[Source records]
* * * * *

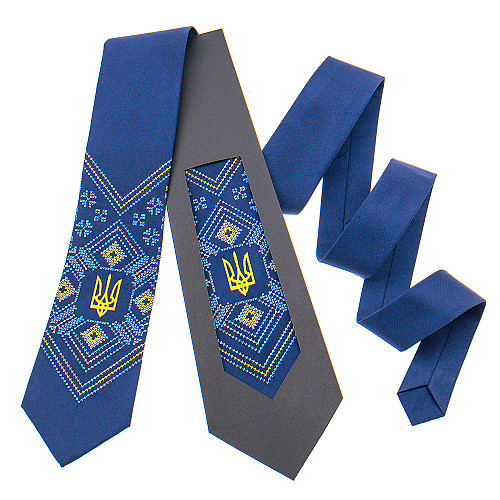 Галстук синий с вышивкой и трезубцем №821 LN-2119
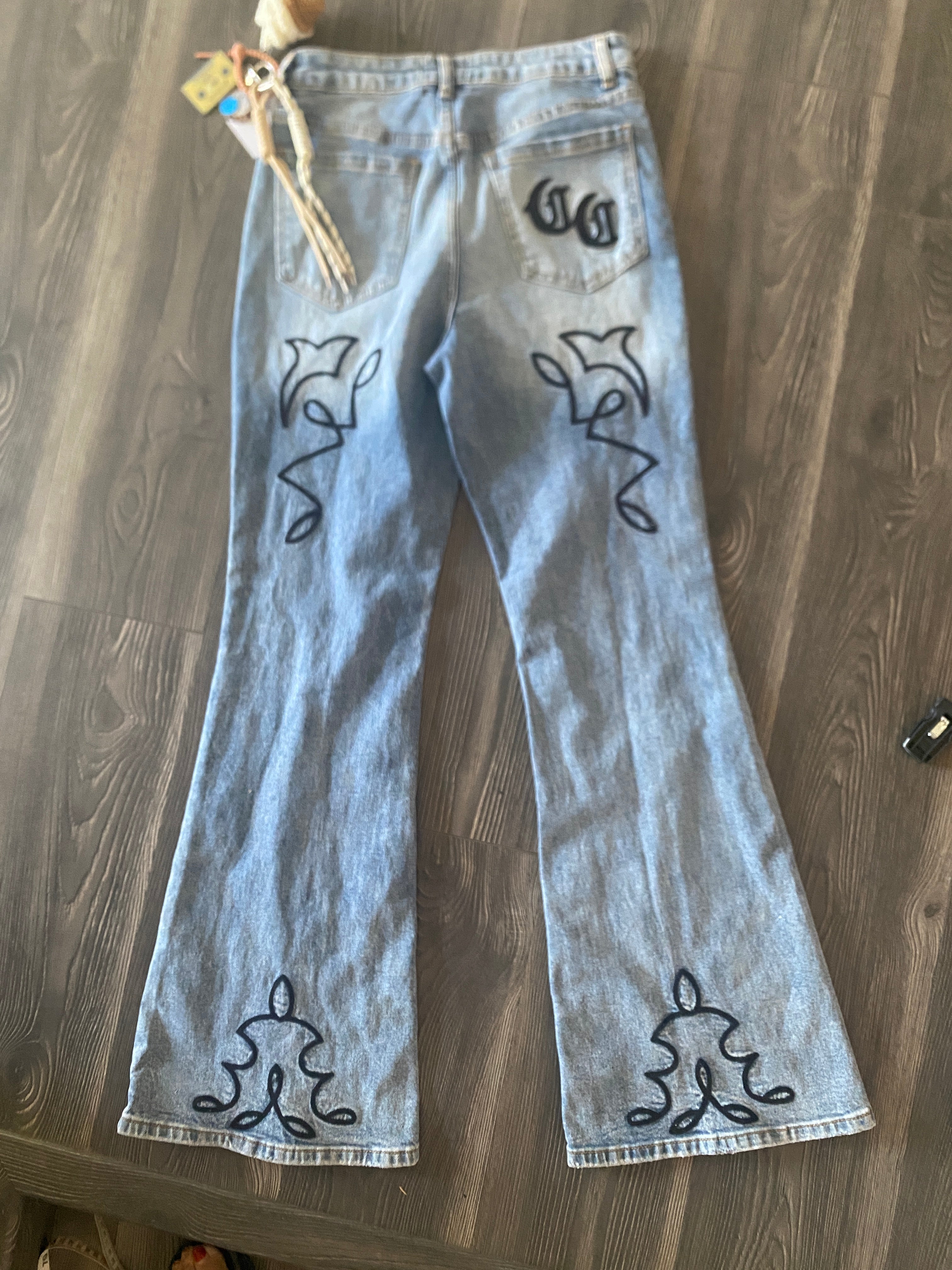 Vintage Retro WIDE Graphic Bell Bottoms  70s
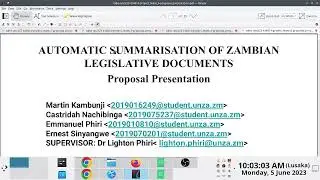 2022/2023 ICT 4014 Project Proposal Presentations | University of Zambia | June 5, 2023 | Test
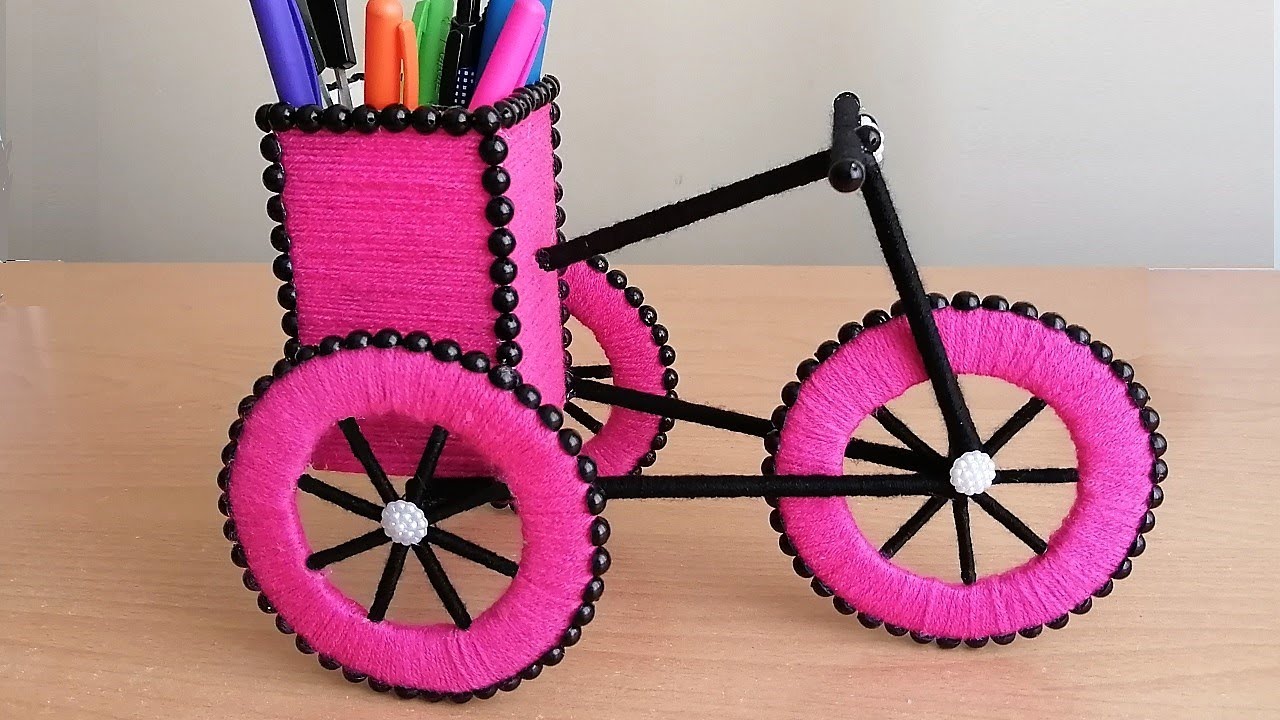 Dekoratif Masaüstü Bisiklet Kalemlik Yapımı / Cycle Pen Stand - DIY crafts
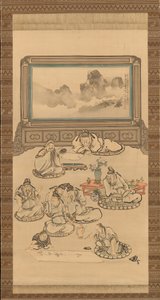 ワイン カップの 8 人の不死身、1828 年。 作： Tani Buncho
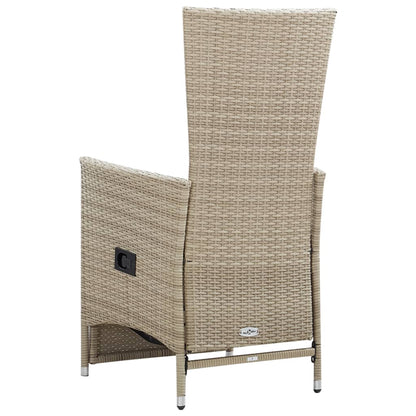 Tuinstoelen Verstelbaar Met Kussens Poly Rattan 1 2 Beige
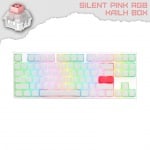 Ducky One 2 TKL White RGB Геймърска механична клавиатура с Kailh BOX Silent Pink суичове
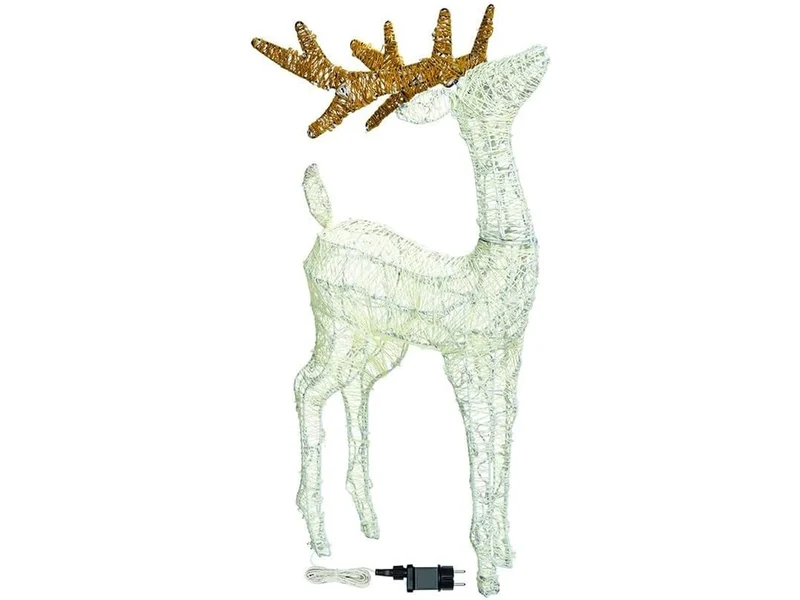 Renna 3D 95cm 200led bianco tradizionale, luce fissa per uso interno ed esterno IP44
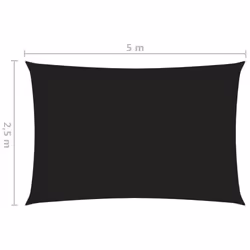 vidaXL Sunshade Sail Oxford Fabric Rectangular 2.5x5 m Black Sunscreen Patio - Additional view 5
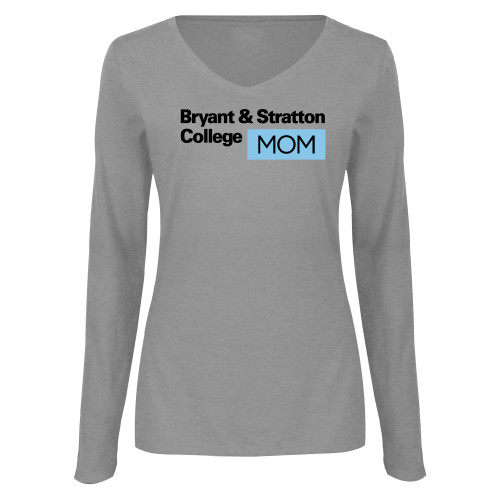  Womens Grey Long Sleeve V Neck Tee  - B&SC Mom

* * * * *

**DIRECTIONS**
Exact copy, no pictures: reproduce every entry shown above.

**PROBLEM SOLUTION**
 Галстук синий с вышивкой и трезубцем №821 LN-2119
 Vintage Retro WIDE Graphic Bell Bottoms  70s
 2022/2023 ICT 4014 Project Proposal Presentations | University of Zambia | June 5, 2023 | Test
 Dekoratif Masaüstü Bisiklet Kalemlik Yapımı / Cycle Pen Stand - DIY crafts
 ワイン カップの 8 人の不死身、1828 年。 作： Tani Buncho
 Tuinstoelen Verstelbaar Met Kussens Poly Rattan 1 2 Beige
 Ducky One 2 TKL White RGB Геймърска механична клавиатура с Kailh BOX Silent Pink суичове
 Renna 3D 95cm 200led bianco tradizionale, luce fissa per uso interno ed esterno IP44
 vidaXL Sunshade Sail Oxford Fabric Rectangular 2.5x5 m Black Sunscreen Patio - Additional view 5
  Womens Grey Long Sleeve V Neck Tee  - B&SC Mom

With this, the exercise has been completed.